Do you ever feel like you are being watched? This feeling was very real for artist Hasan Elahi, when in 2002, an erroneous tip accusing him of terrorist activities led to a six-month investigation by the FBI. Elahi reacted to this by creating a long-term project. “Tracking Transience,” which resulted in him being watched by millions more people on The Colbert Report, as well as CNN, CBS, Al Jazeera, and Fox News. His work throughout the last twenty years has straddled the worlds of art and science, and this life event fused the two. Already he was investigating interactions between public spaces and private information, engaging questions of surveillance, privacy, ownership of information, citizenship, borders, as well as physical and virtual space. Being investigated by the FBI just had him turn that lens on himself.
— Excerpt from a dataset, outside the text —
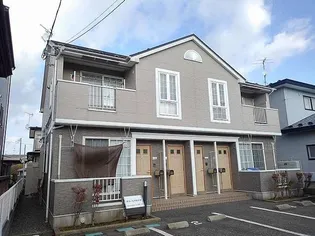 ボヌールタカナオ【2階】の外観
Elahi came to Boise from Berlin after he closed a show at the Museum für Fotografie titled “Watching You Watching Me.” He used his time at Surel’s Place to create a framework for his ideas that he developed into works that could appear all over the world in subsequent years. “I have been thinking about this new body of work on the idea of ‘Manifest Destiny,’” explained Elahi. “It is only appropriate for me to undertake part of my studio practice in the location where many historic American paintings of the western landscape were created.” While a resident at Surel’s Place, he turned the camera on Boise.

He created a body of photographic and video work on the relationship between landscape and surveillance. He used Boise as a base to re-create historic American landscape paintings from the 19th century, using modern day consumer technologies that have grown out of military developments. Paintings only created before Idaho became a state were used, as the work also questioned what the genre of landscape means today in a political context.

Hasan Elahi’s workshop was focused on surveillance. Participants mapped and interacted with surveillance cameras throughout Boise. The workshop addressed numerous issues about surveillance including whether the cameras should be hidden or overt, who should have access to what the camera is seeing, and how artists and designers engage with this ever-pervasive element of contemporary life. They didn’t have to look far from Surel’s Place to find a camera in this workshop – the Boise Whitewater Park Webcam is just down the path.